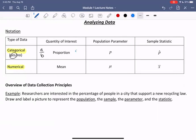So proportion is a percentage. For the population, we refer to the population proportion as little p — for example, 82%. If we're looking at the proportion of a sample, we call that the sample statistic, and we represent it with a p and a little hat. So it could also be 82%, say. We call it p-hat.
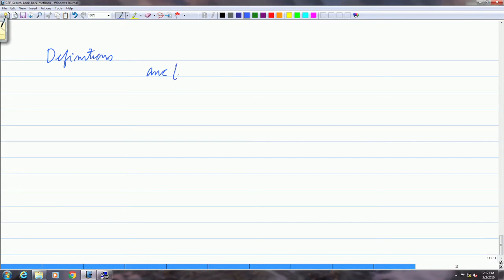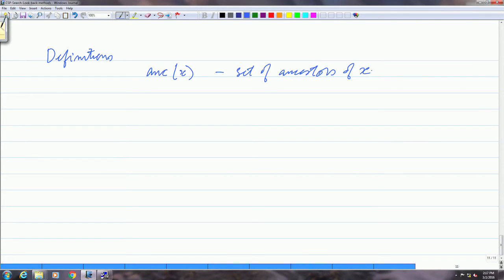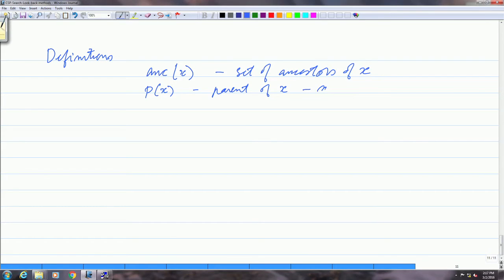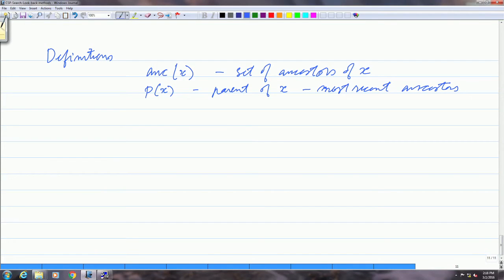The set of induced ancestors of xi — the latest among them is the induced parent of xi, and graph-based backjumping jumps back to this node, which is the culprit. Let us see what the algorithm looks like, or maybe we should just write down the definitions first. We will use the term ancestor(x) to stand for the set of ancestors of x, and parent(x) as the most recent ancestor. Remember that we are talking about a graph here, so ancestors and parents are defined over the constraint graph.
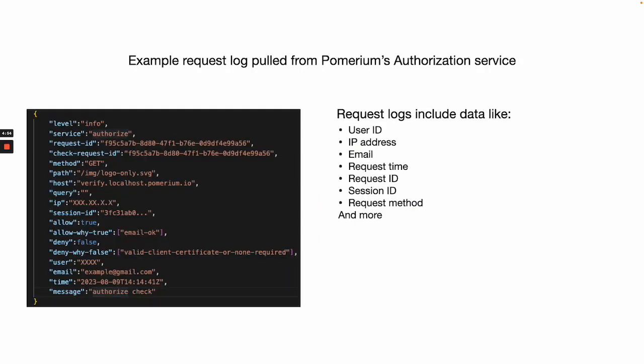With Pomerium, each request is audited and you can review requests from any of Pomerium's services. Let's take a quick look at a request fetched from the authorization service as an example.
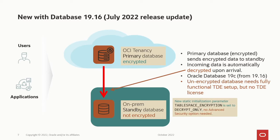Now, if you do a roll switch, the primary database will send encrypted data to the standby database. It will be decrypted before it's written to the standby database. And we do this by introducing a new static initialization parameter, Tablespace encryption, that is set to decrypt only on your standby database.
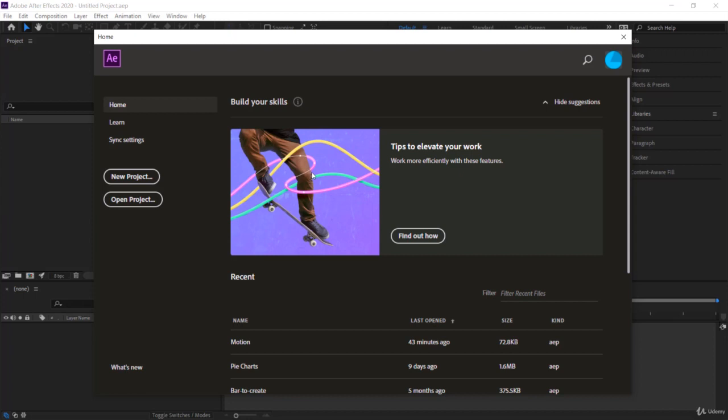Hi guys, welcome to After Effects CC 2020. This is the latest version we are going to work with. If you're using a previous version, it will also work. Don't worry about it.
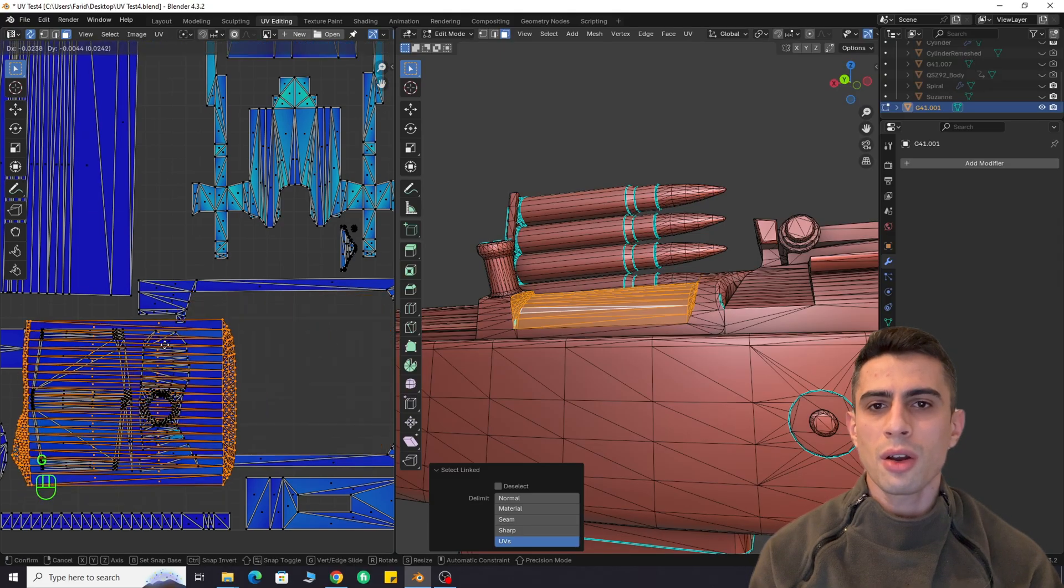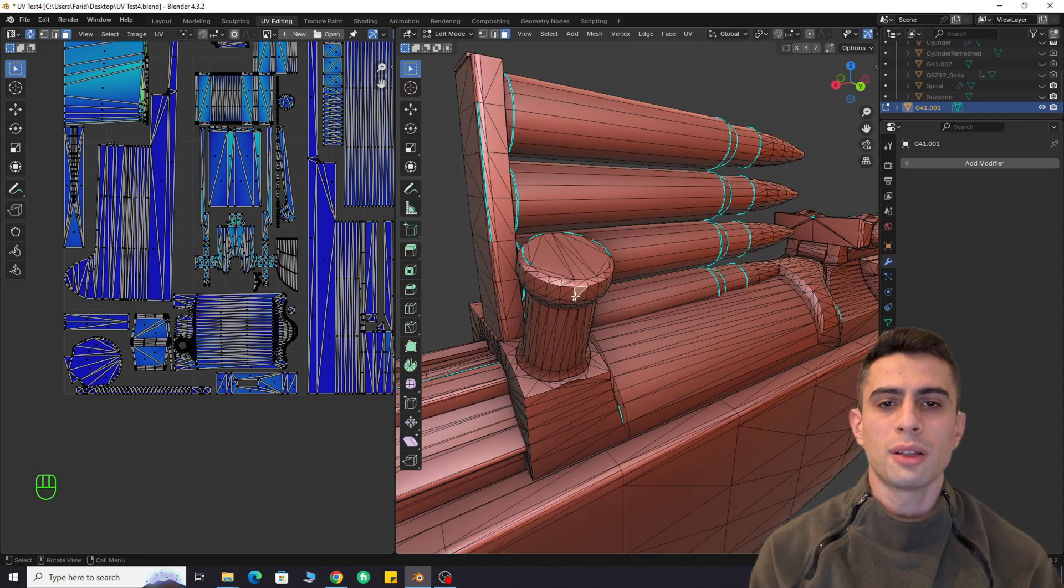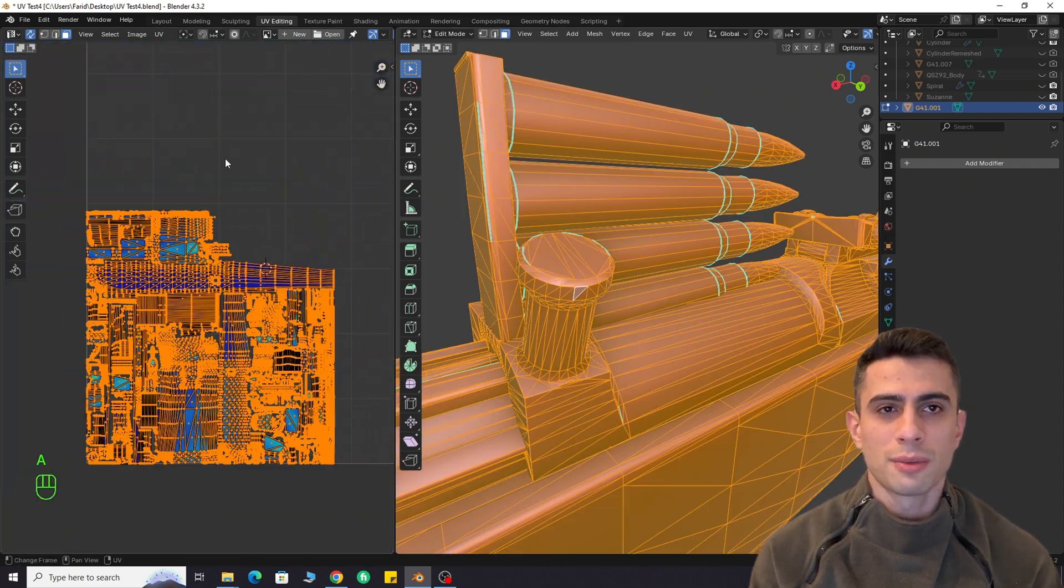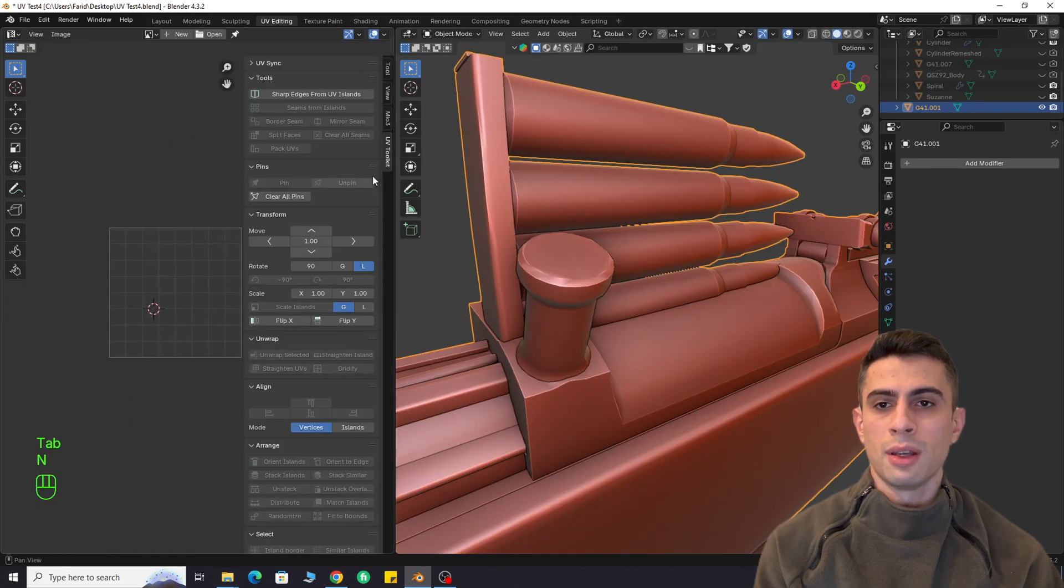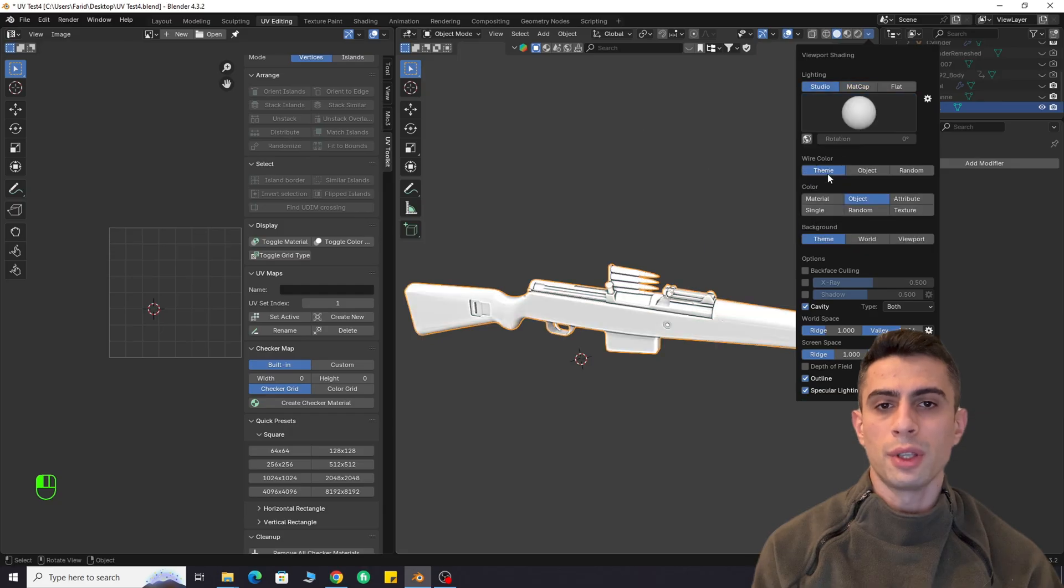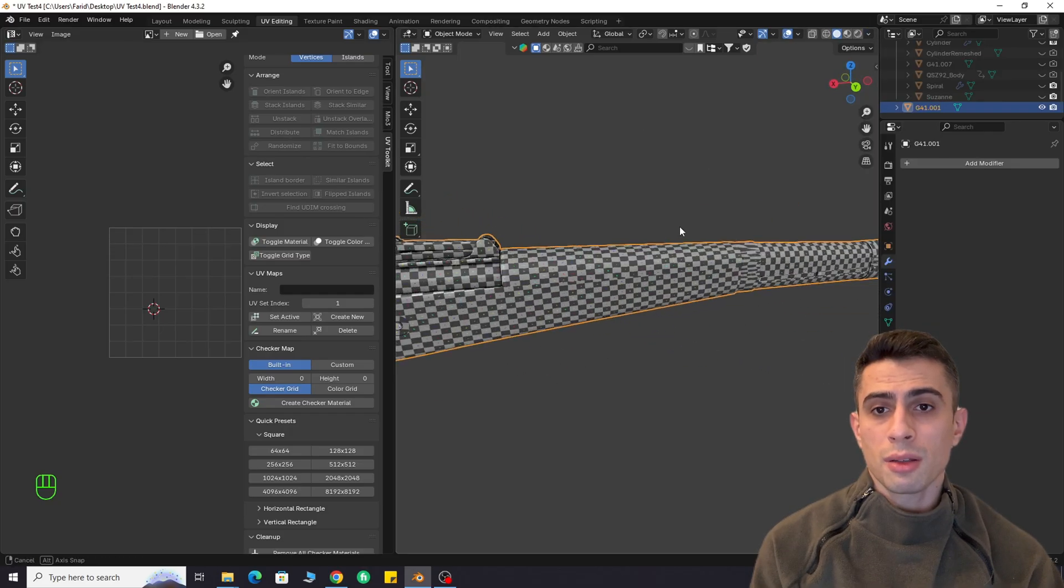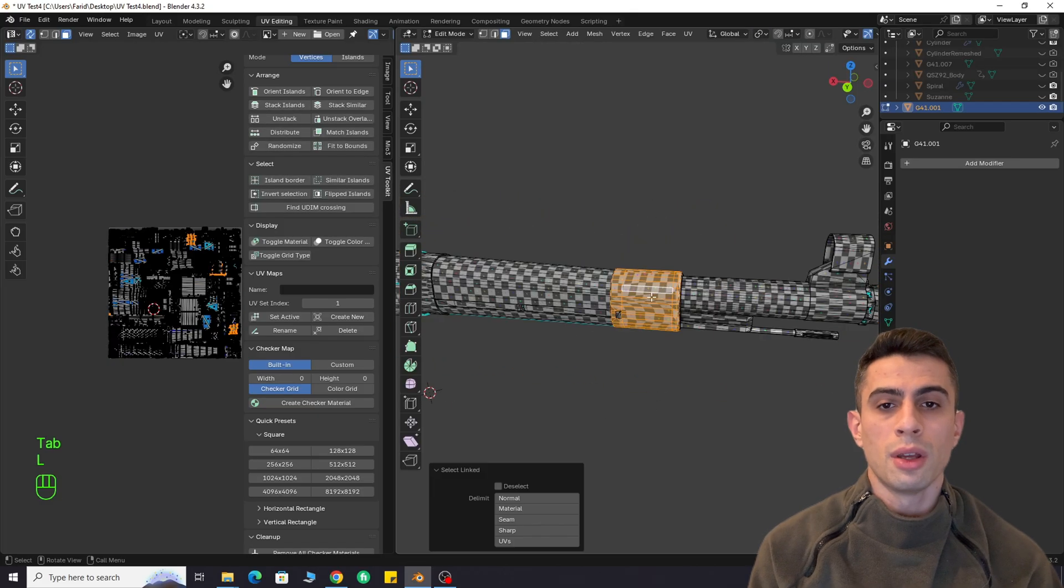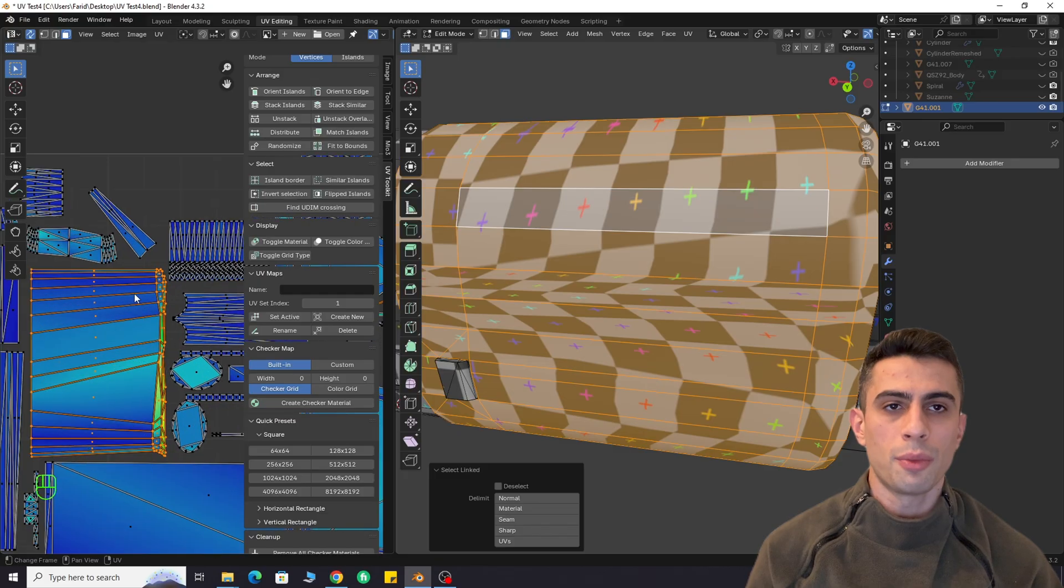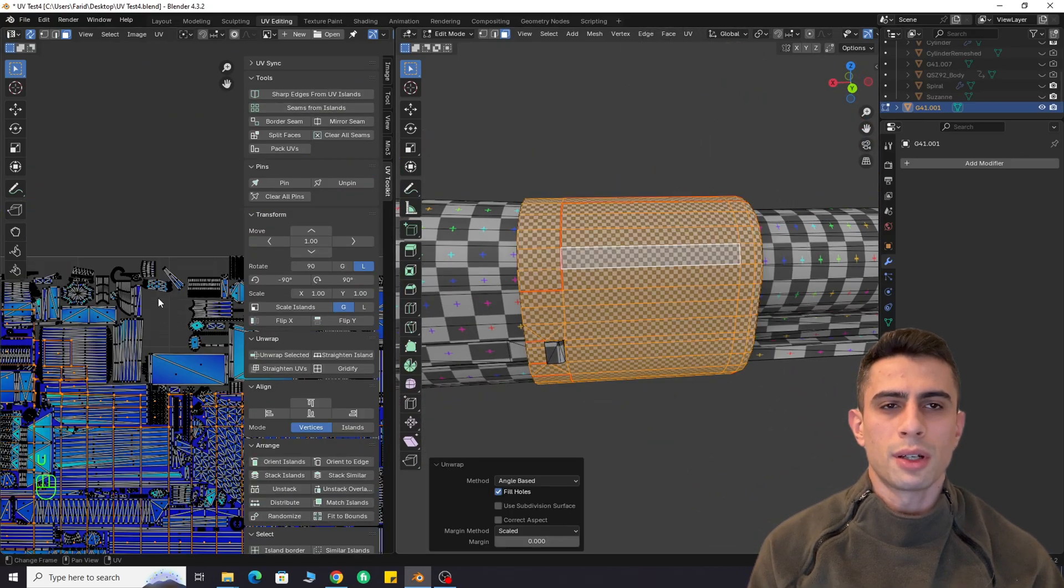Imagine how much time you'll save when this add-on automatically unwraps almost 90% of your mesh. Right now, no algorithm can create human level UV maps. However, this tool is super helpful in many situations, especially when working with large objects where you only want to manually unwrap the most important and complex parts, while add-on takes care of the rest.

---

● **What you will do**: Please reproduce the data above word for word, skipping all images.

● **Exercise solution**:
So proportion is a percentage. For the population, we refer to the population proportion as little p — for example, 82%. If we're looking at the proportion of a sample, we call that the sample statistic, and we represent it with a p and a little hat. So it could also be 82%, say. We call it p-hat.
The set of induced ancestors of xi — the latest among them is the induced parent of xi, and graph-based backjumping jumps back to this node, which is the culprit. Let us see what the algorithm looks like, or maybe we should just write down the definitions first. We will use the term ancestor(x) to stand for the set of ancestors of x, and parent(x) as the most recent ancestor. Remember that we are talking about a graph here, so ancestors and parents are defined over the constraint graph.
With Pomerium, each request is audited and you can review requests from any of Pomerium's services. Let's take a quick look at a request fetched from the authorization service as an example.
Now, if you do a roll switch, the primary database will send encrypted data to the standby database. It will be decrypted before it's written to the standby database. And we do this by introducing a new static initialization parameter, Tablespace encryption, that is set to decrypt only on your standby database.
Hi guys, welcome to After Effects CC 2020. This is the latest version we are going to work with. If you're using a previous version, it will also work. Don't worry about it.
Imagine how much time you'll save when this add-on automatically unwraps almost 90% of your mesh. Right now, no algorithm can create human level UV maps. However, this tool is super helpful in many situations, especially when working with large objects where you only want to manually unwrap the most important and complex parts, while add-on takes care of the rest.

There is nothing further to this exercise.